Where \(w_i\) are the CUT weights and \(\Delta {\mathbf {v}}^{NTW}_i\) are the CUT points scaled to the post-maneuver velocity in the NTW frame. The post-maneuver velocity covariance matrix \(\Sigma _{{\mathbf {v}}_1}^{NTW}\) can now be calculated using Eq. (39). Assume that matrix \({\mathbf {T}}\) is the rotation matrix which maps the NTW frame to the Moon Centered Inertial (MCI) frame. To determine the mean velocity as well as position and velocity covariances in the MCI frame, the following relations are used:

$$\begin{aligned} \begin{aligned} {\mathbf {v}}^{*mci}&={\mathbf {T}}{\mathbf {v}}^{*NTW}_1\\ \Sigma _{{\mathbf {v}}_1}^{(mci)}&={\mathbf {T}}\Sigma _{{\mathbf {v}}_1}^{NTW}{\mathbf {T}}^T\\ \Sigma _{{\mathbf {r}}_1}^{(mci)}&={\mathbf {T}}\Sigma _{{\mathbf {r}}_1}^{NTW}{\mathbf {T}}^T \end{aligned} \end{aligned}$$
(41)

Once a complete representation of the post-maneuver state mean and covariance has been computed in the MCI frame (Eq. (42)), the sensitivity coefficients can be calculated in the same manner as all previous test cases.

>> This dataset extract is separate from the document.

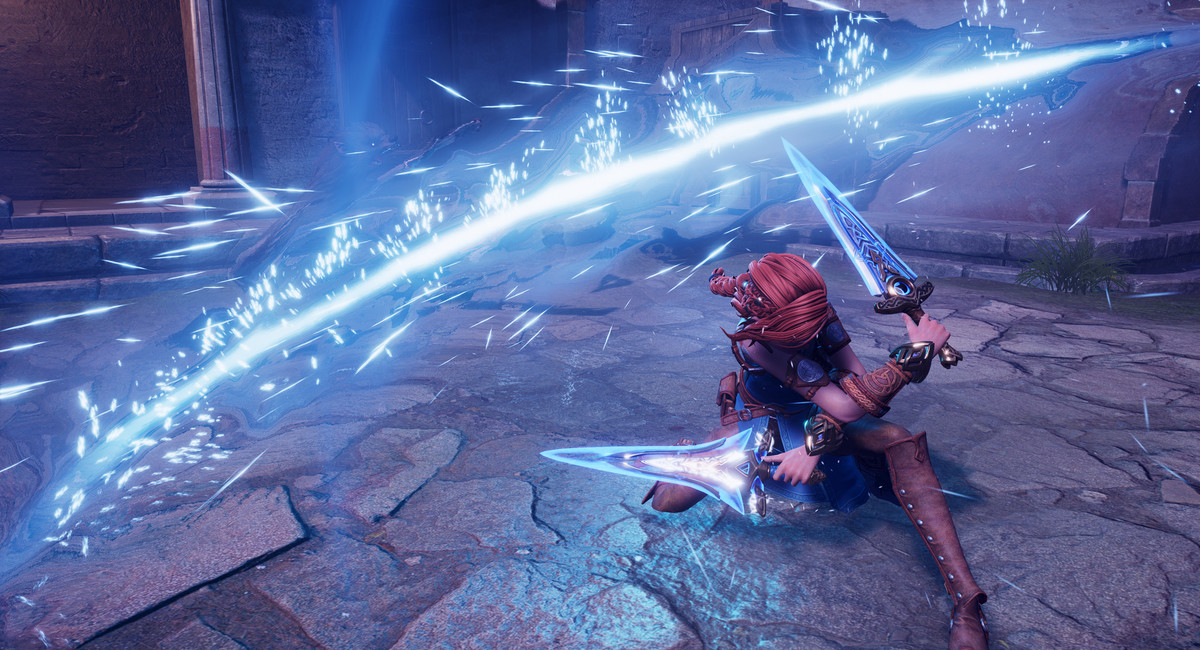 Asterigos: Curse of the Stars - Steam key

$$\begin{aligned} \mathbf {x}=\left\{ \begin{array}{c} {\mathbf {r}}_1\\ {\mathbf {v}}_1 \end{array}\right\} ,\ \ \Sigma _{\mathbf {x}}=\left[ \begin{array}{cc} \Sigma _{{\mathbf {r}}_1}^{(mci)}&{} 0_{3\times 3}\\ 0_{3\times 3} &{} \Sigma _{{\mathbf {v}}_1}^{(mci)}\end{array} \right] ,\ \ \mathbf {x}^*=\left\{ \begin{array}{c} {\mathbf {r}}^{*mci}_1\\ {\mathbf {v}}^{*mci}_1 \end{array}\right\} . \end{aligned}$$
(42)

The final simulation time is \(t_f=2\) hours. The sensitivity coefficient matrices corresponding to the final time are computed up to fourth order. Additionally, fourth-order sensitivity matrices for some intermediate times are computed and used to depict the evolution of the reachability set in Fig. 15. The statistical moments of \({\mathbf {r}}_2\) are shown in Table 17.

Fig. 15
figure 15

Test case 4: evolution of fourth order reachability set

Table 17 Test case 4: \({\mathbf {r}}_2\) statistical moments

10,000 points \(\varvec{\zeta }_i\) are sampled from \(\rho (\varvec{\zeta }_i)\) and both propagated through the full simulation as well as approximated using sensitivity matrices orders 1–4. Table 18 shows the RMS of percent error for each sensitivity order, and Fig. 16 depicts the distribution of errors over the samples. The plots on the left of Fig. 16 show a scatter plot of \({\mathbf {r}}_2\), and the plots on the right show error contours vs the Mahalanobis distances of the initial position and velocity on the x and y axes. The color scale of Fig. 16 is a log scale of percent error.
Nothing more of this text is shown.